The intent of the fee rules, according to Kathryn McGrath, director of the SEC's Division of Investment Management, is to make it possible for investors to determine what a fund's fees add up to and to do so in a way that allows them to compare funds.
As it is now, the fees are included in fund prospectuses, but they are scattered through the text so that "it's very hard for the investor to tote it all up," McGrath said. And with the addition of new kinds of fees over the past five years, she said, adding them all up in a way that allows comparison of funds "is as a practical matter just not doable."
Different funds charge different fees, or combinations of them. While it was once possible to categorize funds as "load," "low-load" and "no-load" based on their upfront charges, today this vastly oversimplifies the situation.
All funds charge management fees, typically about 0.5 of the net asset value of the fund annually. In the case of a no-load fund, marketed directly to investors by the operator, this may be the only fee, but such "pure" no-load funds are getting harder to find.
Load funds, marketed through brokers and other sales representatives, charge a sales fee -- the load -- that is used to pay commissions to the sales people and to cover other costs associated with distributing the fund's shares. These loads can be as much as 8 1/2 percent of the value of the shares.

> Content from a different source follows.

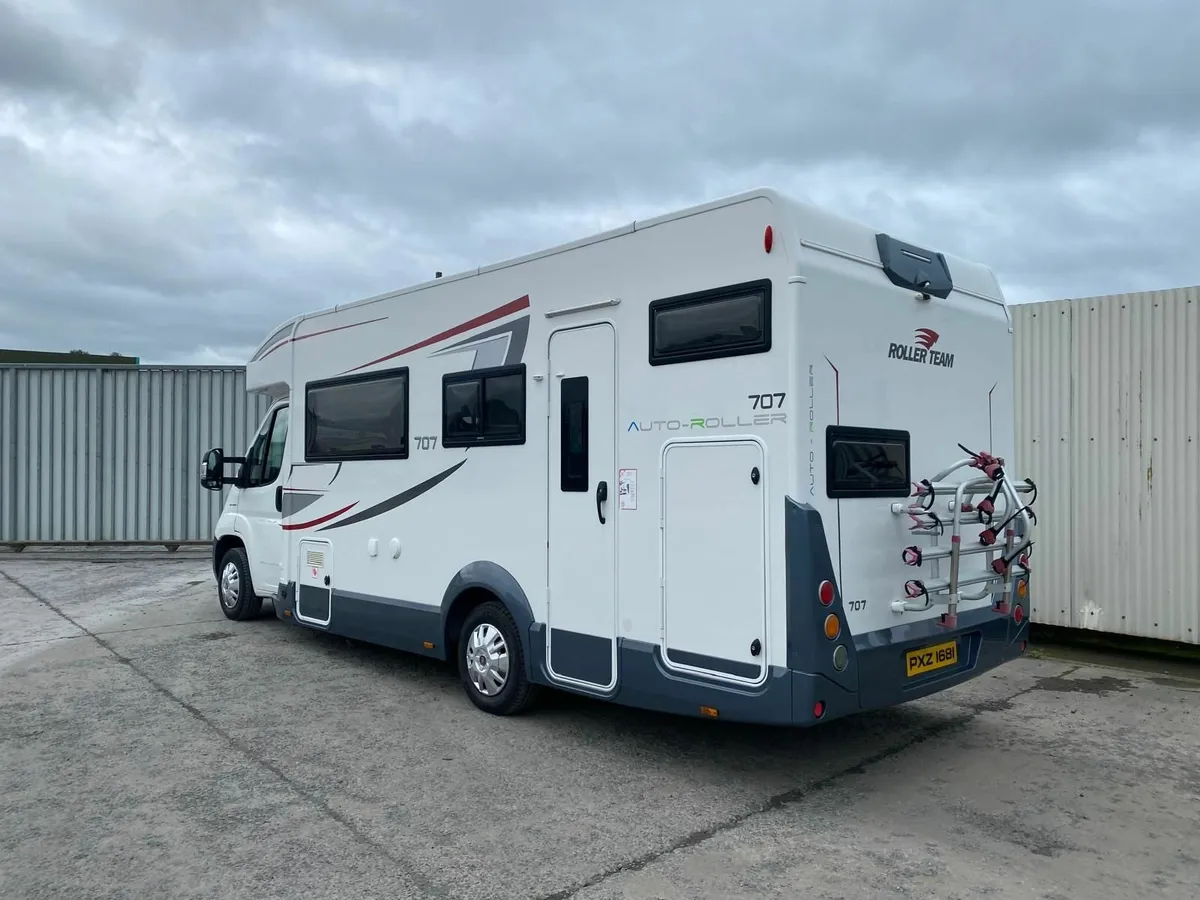 Campervan - Image 4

Increasingly, even funds that are sold directly are adding an upfront charge to help cover the services they are providing, such as 24-hour toll-free telephone service. These have become known as low-load funds.
Investors can determine a certain amount about a fund's fees by looking at the list of mutual fund prices that appears amid the stock market tables each day in this and other newspapers.
The funds are grouped by operator, and each fund is followed by three numbers. The first is the net asset value of the fund per share. The second is the asked, or offer, price, which is the price an investor would have to pay for a share; the difference between the two is the load (in a no-load fund the second number is replaced by the letters NL). The third number is the change in value from the previous day.
Some funds also impose loads on dividends that the shareholder opts to have reinvested. Under the new SEC rules, funds that charge such loads on reinvested dividends would have to include them in the fee table.
For many years, management fees and loads constituted the bulk of mutual fund fees. But in recent years, other, harder-to-spot fees have increased dramatically in popularity among fund operators.
Foremost among these are 12b-1 fees, so-called after the section of the SEC rules that governs them. Under Section 12b-1, fund operators may use some of the fund's assets for promotion, marketing and distribution. These charges can amount to more than 1 percent of the fund's assets annually.
More and more funds are charging redemption fees or deferred sales charges. These "back-end loads," assessed when the investor sells his or her shares, often run to 5 percent of the value of the shares. In fact, a fund that appears in newspaper listings as a "no-load" can in fact be charging investors very substantial fees.
Under the new rules, which take effect for most funds on May 1, a fund's prospectus will have to include a description of its fees and a table listing them. The table will have to show loads on share purchases as a percentage of the offering price; loads on dividend reinvestments, also as a percentage of the offering price; deferred sales loads, as a percentage of the original purchase price or of the redemption proceeds, whichever is applicable; redemption fees, as a percentage of the amount redeemed; and exchange fees, which are sometimes charged if an investor switches his account to another fund.
The table must also list annual charges that are taken from the fund's assets -- management fees, 12b-1 fees and other expenses, as a percentage of the fund's average net assets.
Finally, there must be an example of the expenses an investor would pay on a $1,000 investment -- assuming a 5 percent annual return -- if it were redeemed after one, three, five and 10 years. It must also show what those expenses would be if the investment were not redeemed.
In a parallel development, newspaper readers will also be getting more data soon. The National Association of Securities Dealers, which collects the mutual fund quotations that appear in financial sections, plans to add a footnote, designated by the letter "p," to the tables to indicate which funds charge 12b-1 fees. The tables already include an "r" footnote to designate those charging redemption fees.
The SEC's new advertising rules will compel fund operators to use a standard formula when computing such numbers as annual yield, tax equivalent yield and total return. The requirements, effective May 1, will apply to both advertising and sales literature.
These requirements are aimed mainly at bond funds, though they cover other types, as well. They grew out of a controversy that arose some three years ago when interest rates, declining from historic highs, pushed bond fund returns to very high levels. The SEC and industry groups grew concerned that some investors would be misled.
In addition, there are numerous ways to compute yields, so that investors reading ads could not be sure that a fund advertising a higher yield was really a better investment.